Migration to Python 3.x

Emmanuelle Gouillart emmanuelle.gouillart at nsup.org
Wed Aug 10 04:03:22 EDT 2016


Regarding an estimation of which OS people are using, let me go back to
one of my favorite hobbies :-): looking at the analytics of
http://scikit-image.org/. What it says in terms of OSs:

- 54% of Windows users
- 26% of Linux users
- 20% of OSx users

These statistics are pretty stable over the period where we have
analytics (since last fall). We have 20000 unique visitors on the website
every month, enough to make statistics!

So, the number of Linux users is certainly smaller than the number of
users for which the overwhelming solution will be Anaconda, but it's not
ridiculous either. Also, people working on a cluster with no Internet
access will not visit the website from the cluster, so it's rather an
underestimation of Linux users. And it's likely that a majority of Linux
users are running 2.7 (because of
https://www.python.org/dev/peps/pep-0394/).

I completely agree that it would be great to obtain statistics about
who uses Python 2.7 or 3.x but I can't see an easy way to do it. Could we
have a button on the website linking to a small form asking whether
people are using Python 2.7 or 3.x? Maybe it has already been mentioned
on the mailing-list.

I think the decision boils down to a developers vs. users dilemma --
let's face it, a very classical problem in open source :-). Personally, I
think that scikit-image is far from having reached its potential in terms
of number of users, and that multiplying the number of users by a
factor of 10 is perfectly feasible. Therefore, my personal goal, as a
developer, is rather to focus on the growth of the userbase, meaning
better usability, more documentation, more outreach, etc. I find it much
more satisfying to see the userbase grow than to be able to use the new
features of Python 3.5 -- in an ideal world, we'll have the two, of
course. Letting down 1/4 of users who won't benefit from new features
is no small decision. 

That said,

1) if there is an important frustration from at least two of the most
active developers of scikit-image, we'll have to make this move soon
enough, much earlier than 2020 clearly.
2) so, to estimate when the change should happen (0.14, 0.15?), we need
to evaluate the "economics" of such a decision. How many users are going
to be impacted? How much development time are we losing by not switching
right now? How do we balance these two factors (or others)?  

All the best,
Emma

On Wed, Aug 10, 2016 at 06:14:45AM +0200, Johannes Schönberger wrote:
> In my experience, many of the scikit-image users I know are actually less knowledgable about how to setup a new Python environment from scratch. And it seems the latest Ubuntu is still on 3.4 and Mac also doesn't ship with 3.5 - which leaves out the @ syntax anyway. Also, many of the cluster users are still stuck on 2.x for quite a while. I think, we will lose a significant amount of users without a real benefit. 

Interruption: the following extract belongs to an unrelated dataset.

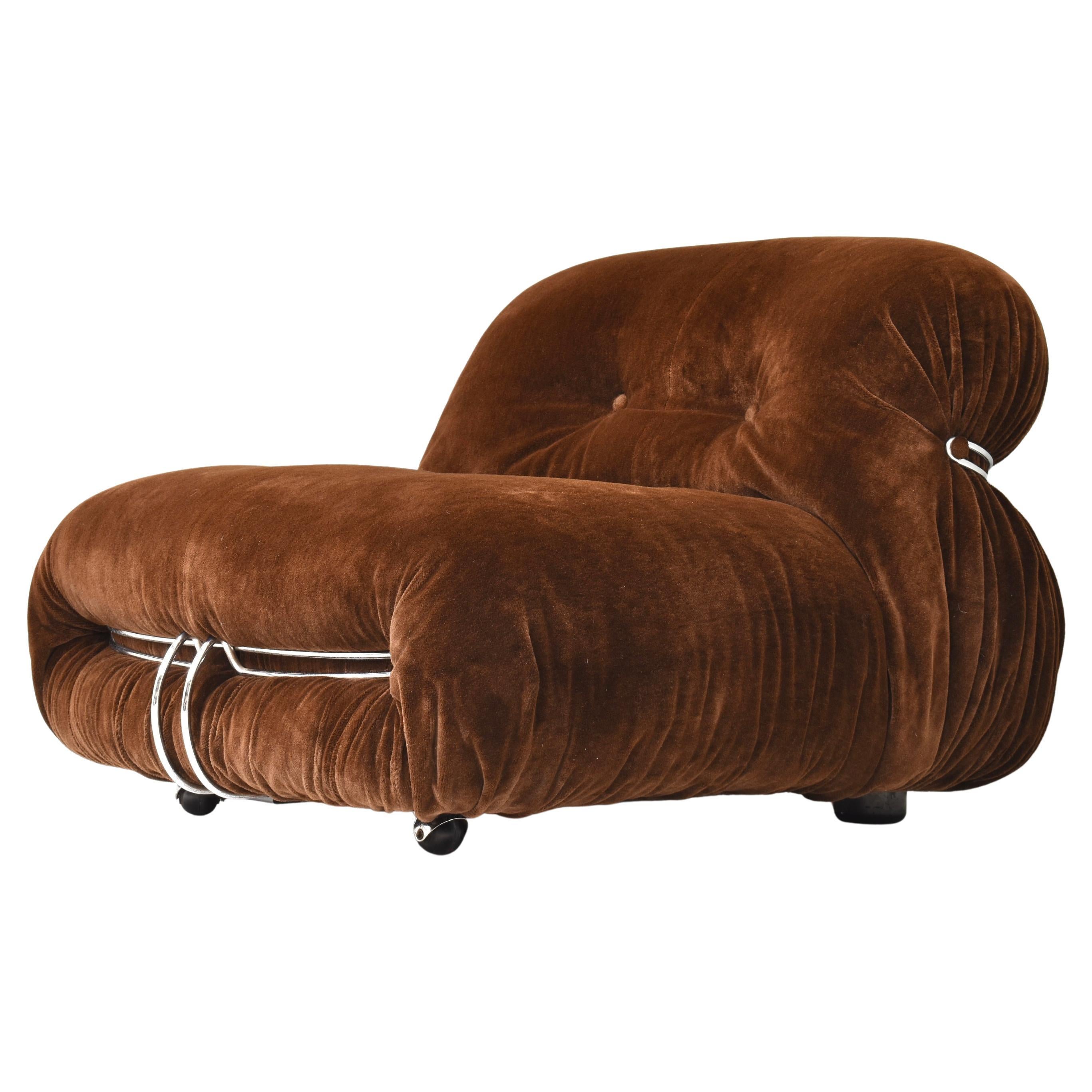 Soriana Chair by Scarpa in Original Chocolate Brown Mohair - Cassina, 1960s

> I don't see a compelling reason to lock out X% of users at this point. I can only judge by the feedback in this thread, but 3 out of 5 people seem to have problems with the proposed way forward. It would be nice if there was some way of obtaining installation statistics from PyPI or Anaconda to get a better picture here. 

> >> On 9 August 2016 at 19:54, Ralf Gommers <ralf.gommers at gmail.com> wrote:

> >>>> In the grand scheme of things, does Ubuntu matter much for this
> >>>> decision? There are way more Windows and OS X users, so if it's OK
> >>>> for them (which is not a given) then it should also be OK for
> >>>> those fewer and on average more computer-literate Ubuntu users.